# YOUR TASK:
Could you output the listing that follows exactly, without its images?

# THE DATA:
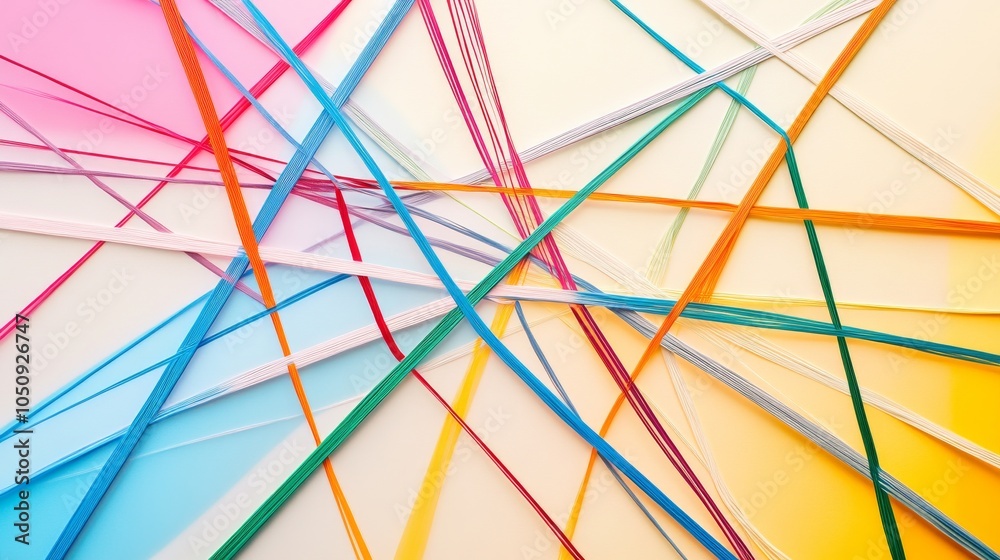 Poster an abstract composition of intersecting lines in vibrant colors against a neutral backdrop, illustra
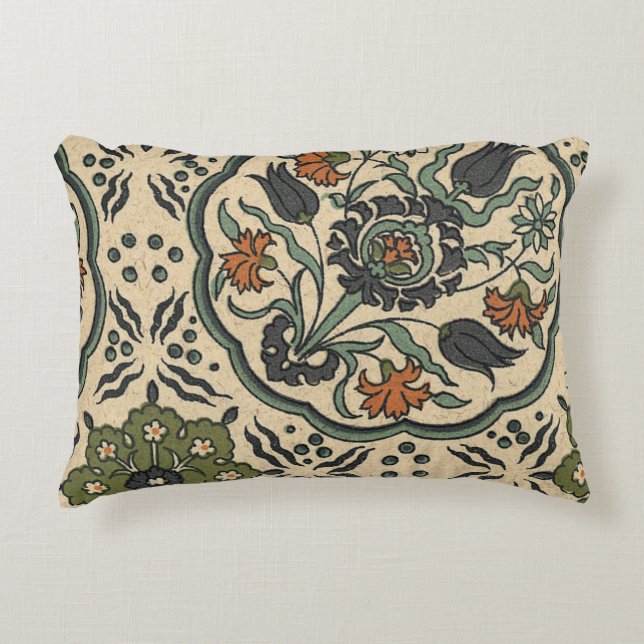 Decorative Floral Persian Tile Design Decorative Cushion (Front)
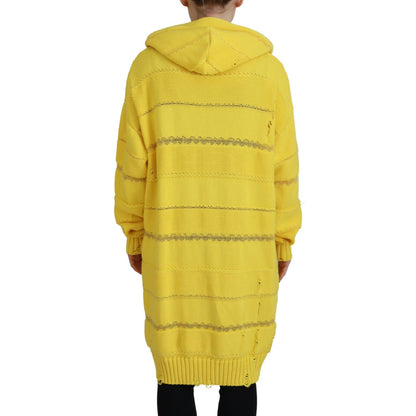 Dsquared² Yellow Cotton Knitted Hooded Pullover Sweater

# TASK RESPONSE:
 Poster an abstract composition of intersecting lines in vibrant colors against a neutral backdrop, illustra
 Decorative Floral Persian Tile Design Decorative Cushion (Front)
 Dsquared² Yellow Cotton Knitted Hooded Pullover Sweater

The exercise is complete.